The juvenile court sustained the dependency petition, ordered reunification

services, and set a six-month review hearing. The case plan approved by the court

required mother to “[s]tay free from illegal drugs and show your ability to live free from

3 drug dependency. Comply with all required drug tests.” In addition to attending

“random and/or on demand” testing and other reunification service referrals, mother was

ordered to “complete a CFS approved drug treatment program” on an outpatient basis.

Mother’s case plan specified it was her responsibility to “provide a copy of the Certificate

of Completion to your assigned CFS social worker upon successful completion of the

program.” In ordering reunification services at the disposition hearing, the court urged

mother and father: “[W]hat you need to do is get engaged in those programs and show

progress,” as well as “make sure . . . that you remain in good contact with [your] social

worker,” including “updat[ing] him or her regarding your progress.”

By the time of the six-month review hearing, mother missed six drug tests and

tested positive on all seven others. She did not appear for the hearing. Nor did she

update the social worker on her enrollment, attendance, or progress in her drug treatment

program.

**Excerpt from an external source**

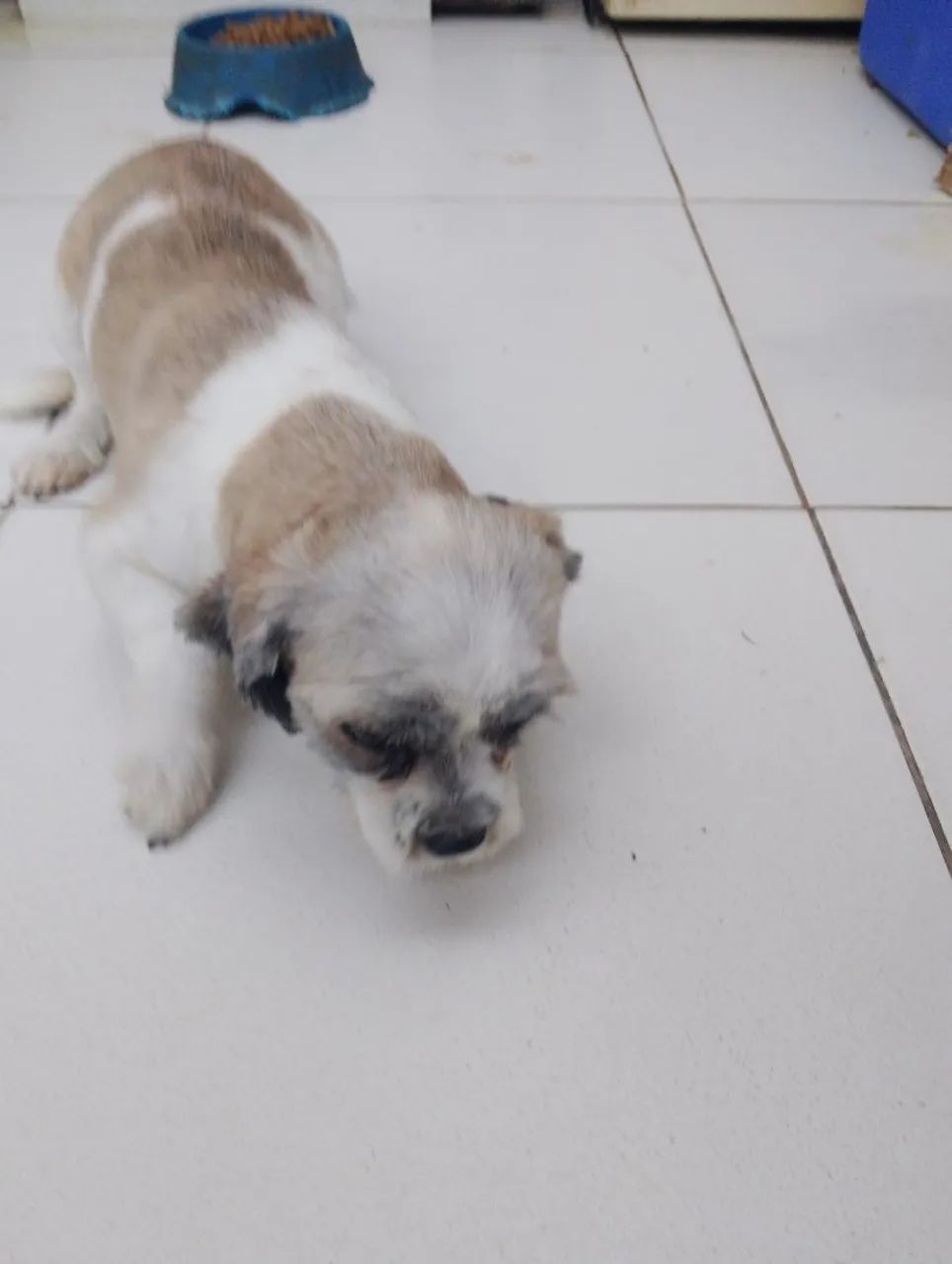 Fêmea de Lhasa Apso a venda  - Foto 2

She had, however, provided the social worker certificates of completion for her

domestic violence and parenting education programs. She also attended eight individual

counseling sessions, and CFS renewed that referral. The court characterized mother’s

progress as “moderate,” found CFS provided reasonable reunification services to date,

ordered the reunification period held open for mother with continued services, and set a

12-month review hearing.

CFS’s report for the 12-month review hearing summarized that, “despite various

[social worker] conversations regarding the importance of testing and engaging in

services,” mother regressed. She showed some initiative at first, attending six individual

4 counseling sessions, but she did not complete the counseling referral. Her visitation with

A.E. was inconsistent. Nor did she drug test.

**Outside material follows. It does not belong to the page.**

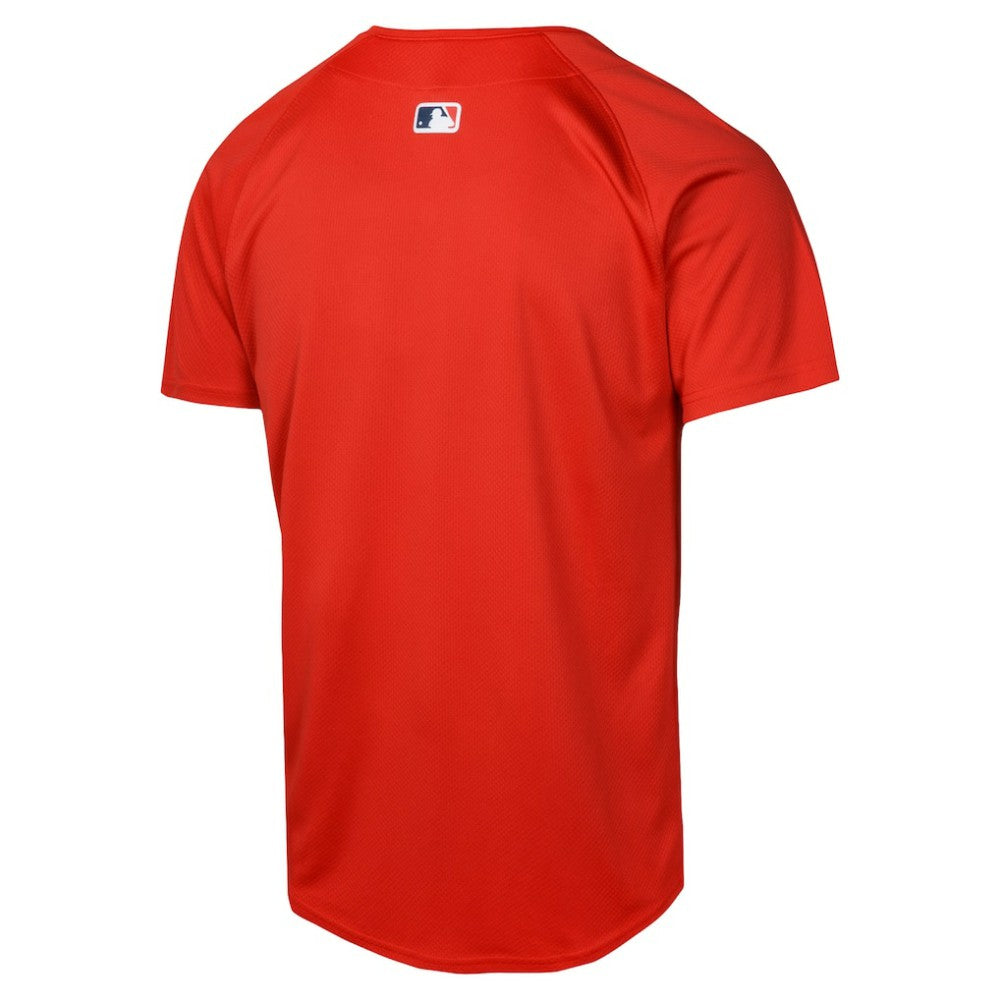 Boston Red Sox Nike Youth Alternate Limited Jersey - Red - Nike Sale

Midway through the 12-month review period, mother inquired about legal

guardianship for A.E. rather than reunification. The social worker encouraged mother to

renew her efforts, reminding her that she “still had services” and thus the opportunity to

reunify with A.E. The worker reminded mother about the steps in the dependency

process, including explaining guardianship, and “expressed” to mother that she “should

engage in her services during this reporting period [in order] to reunify with . . . [A.E.].”

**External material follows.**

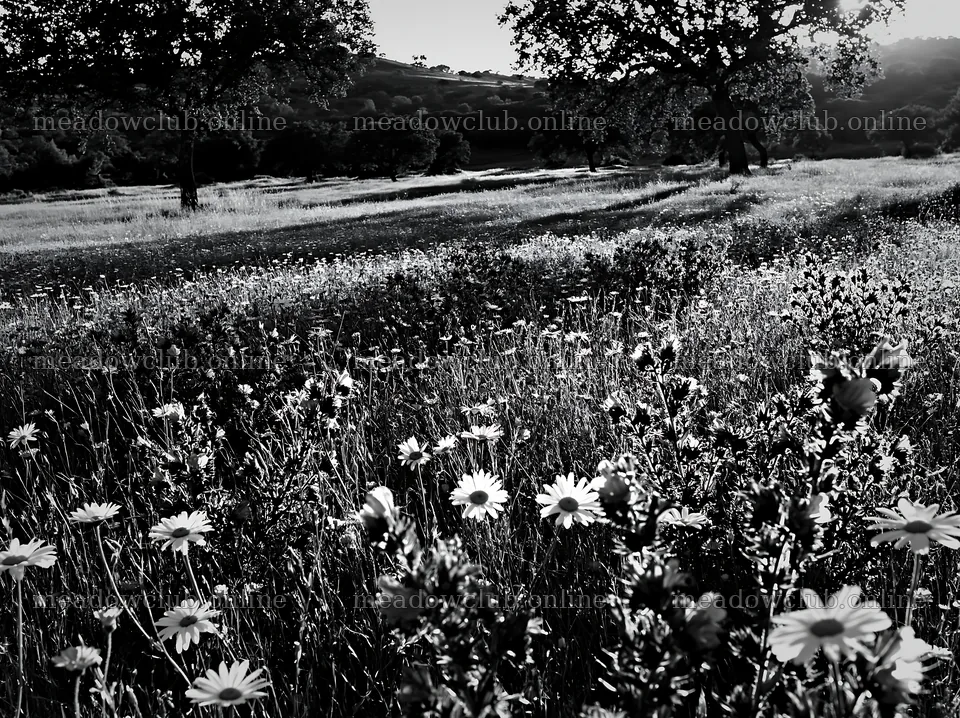 Regenerative meadow with various wildflowers at sunset – meadow photos 9174x6866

Mother did not do so. She did not attend the remaining sessions of her individual

counseling referral. She missed all of her drug tests as a “no show” each time, which the

social worker summarized as mother “not consent[ing] to any random or on-demand

testing as required.”

Also midway through the review period, A.E. moved from a failed placement with

a maternal aunt back to a temporary placement with a foster family, while a permanent

home was sought for her.

Neither mother nor father appeared at the 12-month review hearing. The court

found neither parent made substantive progress in their respective case plans to address

the issues necessitating dependency.